Elle était plus au fait de ces questions fourbes (j’ai naïvement
pensé que comme c’était interdit, personne ne me les poserai), et lorsqu’on lui
a demandé si elle avait des enfants, elle leur a rétorqué : « Que
voulez vous savoir ? Si je serai disponible le soir pour des réunions ?

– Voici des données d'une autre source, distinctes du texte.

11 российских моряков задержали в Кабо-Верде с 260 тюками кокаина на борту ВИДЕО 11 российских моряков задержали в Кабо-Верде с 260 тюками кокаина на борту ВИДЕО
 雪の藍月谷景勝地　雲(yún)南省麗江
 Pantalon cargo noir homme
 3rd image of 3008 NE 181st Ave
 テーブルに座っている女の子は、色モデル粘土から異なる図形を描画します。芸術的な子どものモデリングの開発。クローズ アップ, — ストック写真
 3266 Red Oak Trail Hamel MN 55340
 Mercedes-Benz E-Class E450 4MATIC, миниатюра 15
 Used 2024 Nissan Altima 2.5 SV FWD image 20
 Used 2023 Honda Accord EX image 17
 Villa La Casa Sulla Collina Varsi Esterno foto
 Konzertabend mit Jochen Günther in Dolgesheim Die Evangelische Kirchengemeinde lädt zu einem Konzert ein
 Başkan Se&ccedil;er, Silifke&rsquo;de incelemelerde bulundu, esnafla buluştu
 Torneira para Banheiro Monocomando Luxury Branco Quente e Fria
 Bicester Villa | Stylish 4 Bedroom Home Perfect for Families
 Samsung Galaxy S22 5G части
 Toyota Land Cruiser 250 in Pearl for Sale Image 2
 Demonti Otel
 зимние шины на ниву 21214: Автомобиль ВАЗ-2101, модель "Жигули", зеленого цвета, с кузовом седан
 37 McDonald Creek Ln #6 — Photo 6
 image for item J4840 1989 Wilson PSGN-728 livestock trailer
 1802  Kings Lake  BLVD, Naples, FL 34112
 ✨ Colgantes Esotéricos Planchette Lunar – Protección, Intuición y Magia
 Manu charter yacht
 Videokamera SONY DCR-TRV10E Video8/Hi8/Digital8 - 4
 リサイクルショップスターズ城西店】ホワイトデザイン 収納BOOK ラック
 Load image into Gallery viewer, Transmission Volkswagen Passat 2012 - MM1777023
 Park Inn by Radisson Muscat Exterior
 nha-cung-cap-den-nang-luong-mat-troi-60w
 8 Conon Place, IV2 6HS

Si je suis capable de m’investir dans des missions prenantes ? Sachez qu’aujourd’hui
je le fait et que je le ferai toujours, ma vie personnelle, quelle qu’elle
soit, ne déteint pas sur ma vie professionnelle. »
Et elle a eu le poste.
Voilà, je ne sais pas quoi en penser. J’ai toujours voulu être
maman et j’ai poursuivi des études pour travailler dans un domaine professionnel
assez prenant. Je connaissais la donne et pour moi elle est claire, si devenais
maman, à moi de jongler avec ma vie perso pour poursuivre ma « carrière »
dans des conditions normales.
Et de nombreuses mamans pensent la même chose
que moi. Surtout quand on a la chance d’être soutenue pour la gestion de la
vie familiale, par un super chéri ou par une famille proche, des amis conciliants.
Bref, je crois que j’ai largement dépassé le format des 140
secondes, mais j’en avais gros sur la patate.